Note: includes latin letters with accents when using accent-insensitive collation.
UPPER All characters that are simple latin uppercase letters (A-Z).
Important: Includes lowercase latters when using case-insensitive collation.
LOWER All characters that are simple latin lowercase letters (a-z).
Important: Includes uppercase latters when using case-insensitive collation.
DIGIT All characters that are numeric digits (0-9).
SPACE All characters that are the space character (ASCII 32).
WHITESPACE All characters that are whitespaces (vertical tab (9), newline (10),
horizontal tab (11), carriage return (13), formfeed (12), space (32)).
ALNUM All characters that are simple latin letters (ALPHA) or numeric digits (DIGIT).
Functional example:
create table department (
number numeric(3) not null,
name varchar(25) not null,
phone varchar(14) check (phone similar to '\([0-9]{3}\) [0-9]{3}\-[0-9]{4}' escape '\')
);
insert into department values ('000', 'Corporate Headquarters', '(408) 555-1234');
insert into department values ('100', 'Sales and Marketing', '(415) 555-1234');
insert into department values ('140', 'Field Office: Canada', '(416) 677-1000');
insert into department values ('600', 'Engineering', '(408) 555-123'); -- check constraint violation
select * from department
where phone not similar to '\([0-9]{3}\) 555\-%' escape '\';
Appendice:
Since FB 4 SIMILAR TO and SUBSTRING...SIMILAR are implemented using the re2 library,
which has the following license:
Copyright (c) 2009 The RE2 Authors.
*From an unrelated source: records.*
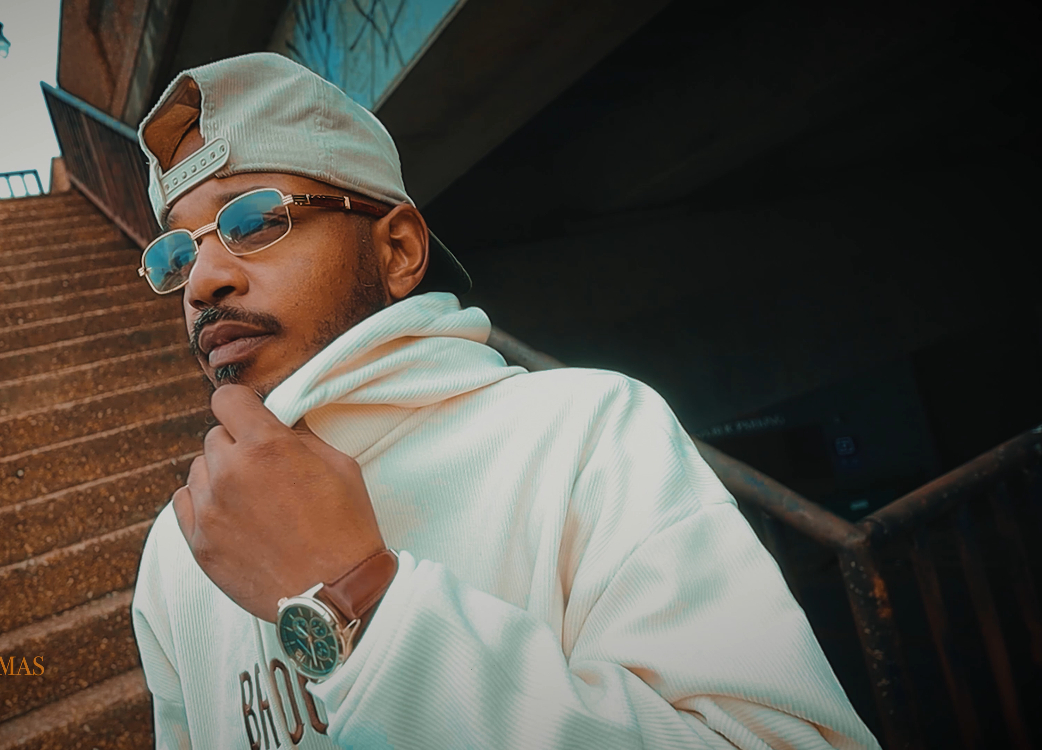 Man wearing sunglasses, a cap, and a white hoodie, standing near stairs with a thoughtful pose.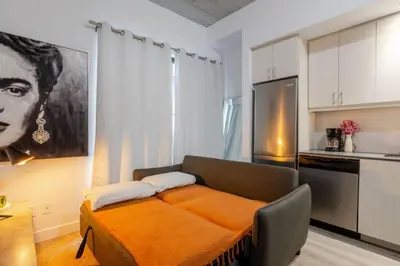 a kitchen with a bed in the middle of a room at Elegant 1BR Retreat and Chic Stay in Old Port in Montréal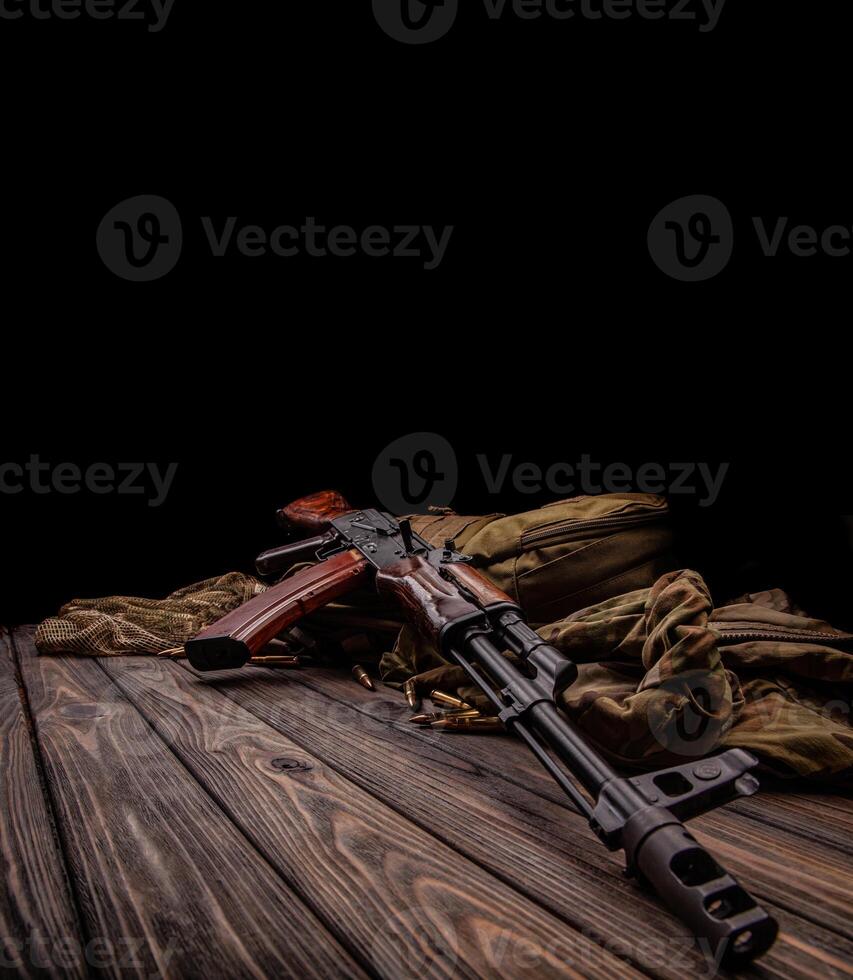 Classic Soviet AK machine gun on a wooden back. Weapons of Russia and the Soviet Union. photo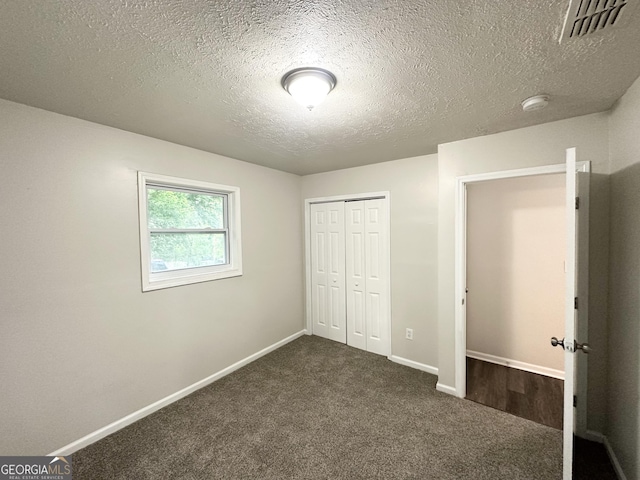 2930 Waters Rd, Atlanta, GA 30354 - unfurnished bedroom with visible vents, a closet, baseboards, dark colored carpet, and a textured ceiling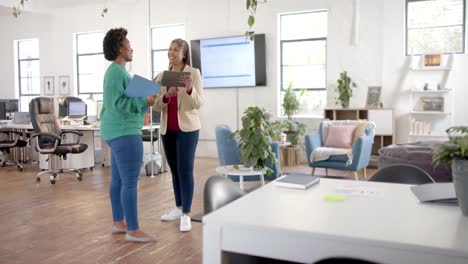 Happy-diverse-business-female-colleagues-in-discussion-using-tablet-in-office-meeting,-slow-motion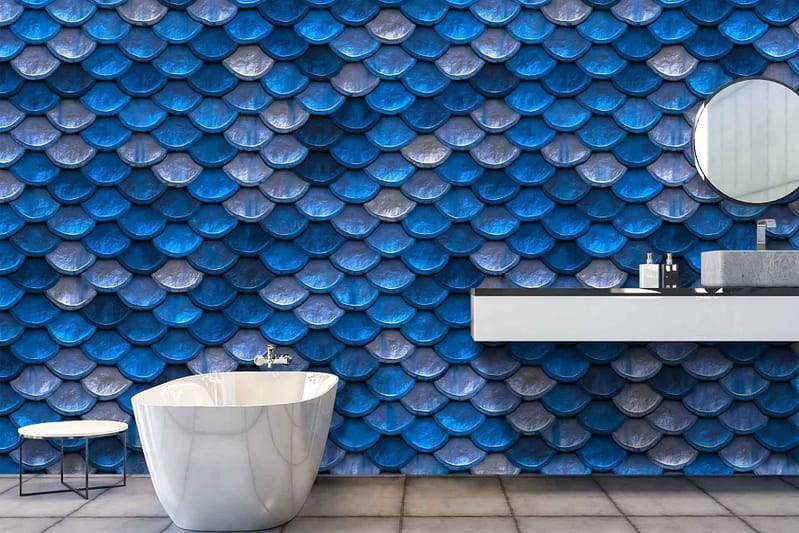Modern bathroom with a striking blue and gray scalloped tile wall, exuding serene coastal vibes.
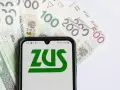 ZUS na ekranie telefonu, obok banknoty 100, 200 i 500 zł. Symbolizuje to zasiłek pogrzebowy 6000 zł.
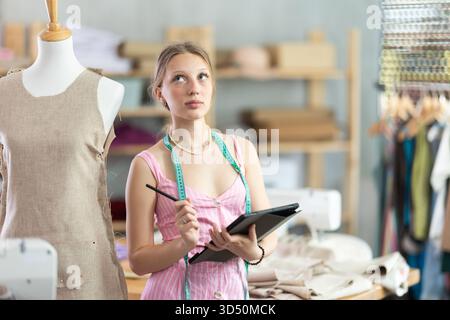 Woman dressmaker makes pattern using tablet Stock Photo
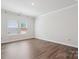 Bright bedroom with hardwood floors, large windows, and neutral paint at 13210 Kenworth Rd, Charlotte, NC 28278
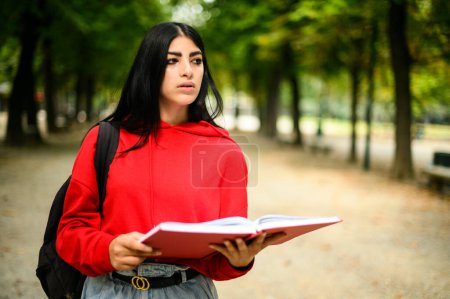 Photo for Focused young woman in a red hoodie reads a book while walking in a lush park - Royalty Free Image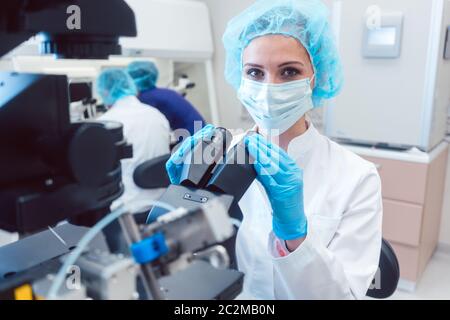 Frau Arzt arbeiten an Manipulator befruchten menschliche Eier in Fruchtbarkeit Klinik Labor Stockfoto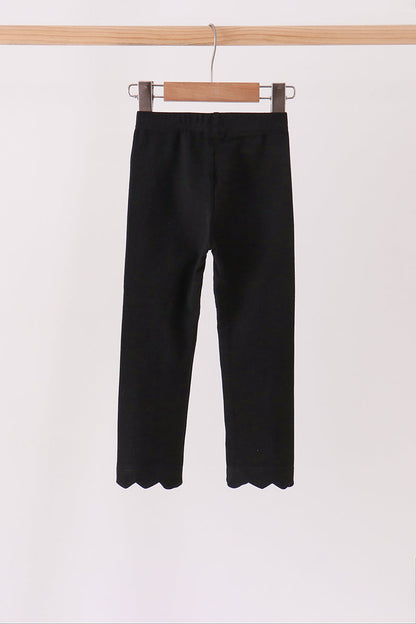 Black scalloped leggings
All rights reserved.
Redistribution and use in source and binary forms, with or without
modification, are permitted provided that the following conditions are
met:
* Redistributions of source code must retain the above copyright
notice, this list of conditions and the following disclaimer.
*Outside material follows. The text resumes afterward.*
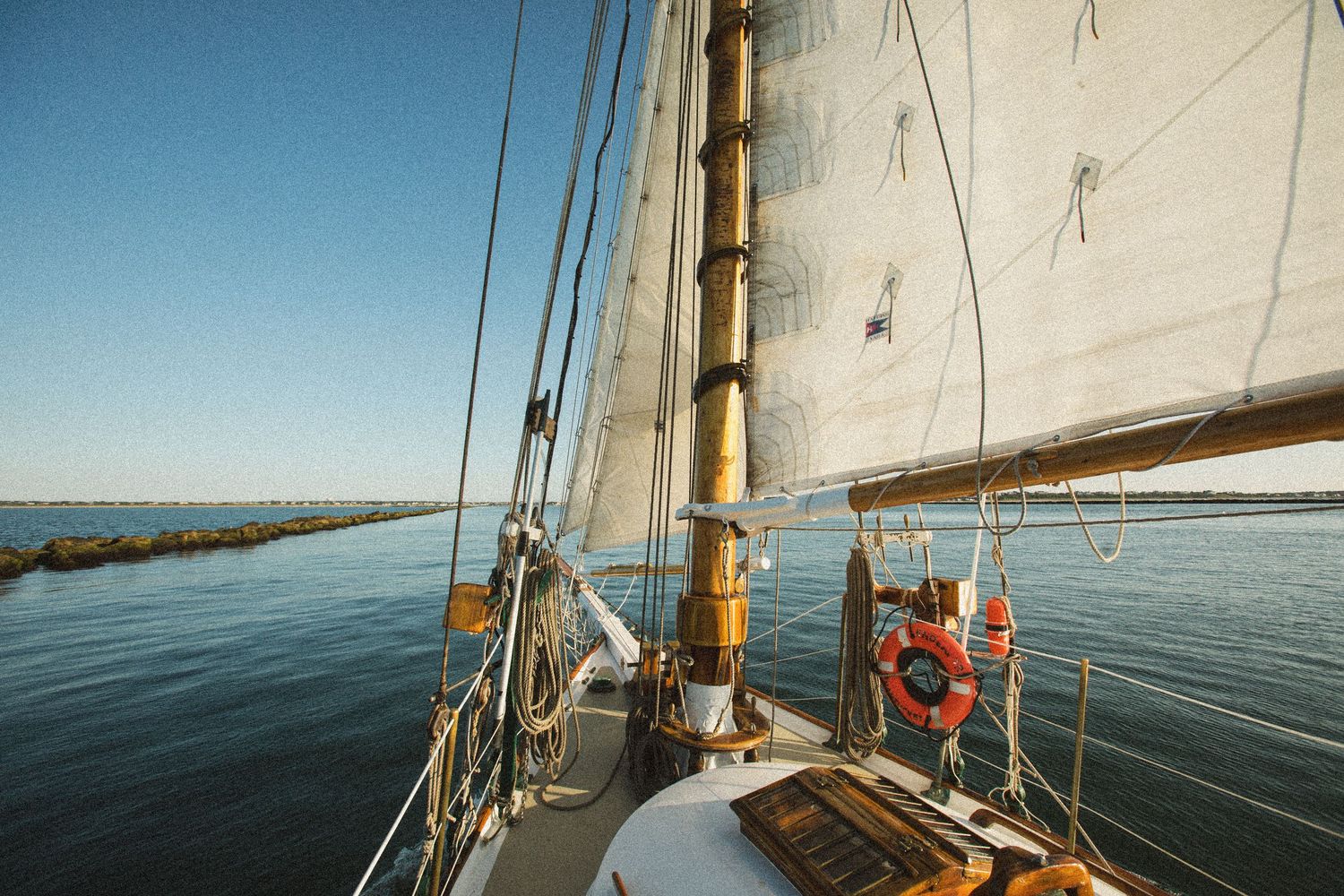 View of sailboat rigging and white sails against clear blue skies on calm waters.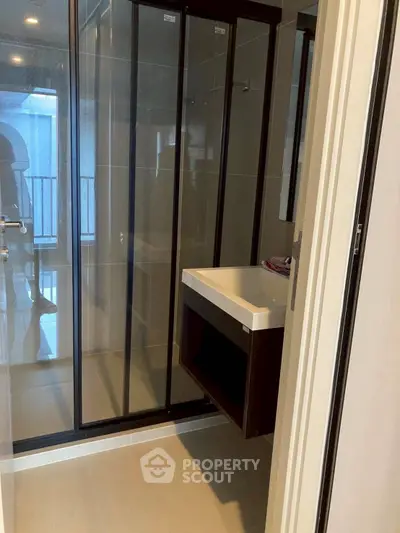 Modern bathroom with glass shower and sleek vanity in contemporary apartment.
* Redistributions in binary form must reproduce the above
copyright notice, this list of conditions and the following disclaimer
in the documentation and/or other materials provided with the
distribution.
* Neither the name of Google Inc. nor the names of its
contributors may be used to endorse or promote products derived from
this software without specific prior written permission.
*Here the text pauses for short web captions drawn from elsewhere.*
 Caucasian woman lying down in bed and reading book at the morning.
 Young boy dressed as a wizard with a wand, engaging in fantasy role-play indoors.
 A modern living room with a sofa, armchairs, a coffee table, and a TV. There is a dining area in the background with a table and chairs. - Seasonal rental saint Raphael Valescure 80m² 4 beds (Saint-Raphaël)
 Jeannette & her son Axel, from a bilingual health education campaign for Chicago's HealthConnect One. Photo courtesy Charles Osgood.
THIS SOFTWARE IS PROVIDED BY THE COPYRIGHT HOLDERS AND CONTRIBUTORS
"AS IS" AND ANY EXPRESS OR IMPLIED WARRANTIES, INCLUDING, BUT NOT
LIMITED TO, THE IMPLIED WARRANTIES OF MERCHANTABILITY AND FITNESS FOR
A PARTICULAR PURPOSE ARE DISCLAIMED. IN NO EVENT SHALL THE COPYRIGHT
OWNER OR CONTRIBUTORS BE LIABLE FOR ANY DIRECT, INDIRECT, INCIDENTAL,
SPECIAL, EXEMPLARY, OR CONSEQUENTIAL DAMAGES (INCLUDING, BUT NOT
LIMITED TO, PROCUREMENT OF SUBSTITUTE GOODS OR SERVICES; LOSS OF USE,
DATA, OR PROFITS; OR BUSINESS INTERRUPTION) HOWEVER CAUSED AND ON ANY
THEORY OF LIABILITY, WHETHER IN CONTRACT, STRICT LIABILITY, OR TORT
(INCLUDING NEGLIGENCE OR OTHERWISE) ARISING IN ANY WAY OUT OF THE USE
OF THIS SOFTWARE, EVEN IF ADVISED OF THE POSSIBILITY OF SUCH DAMAGE.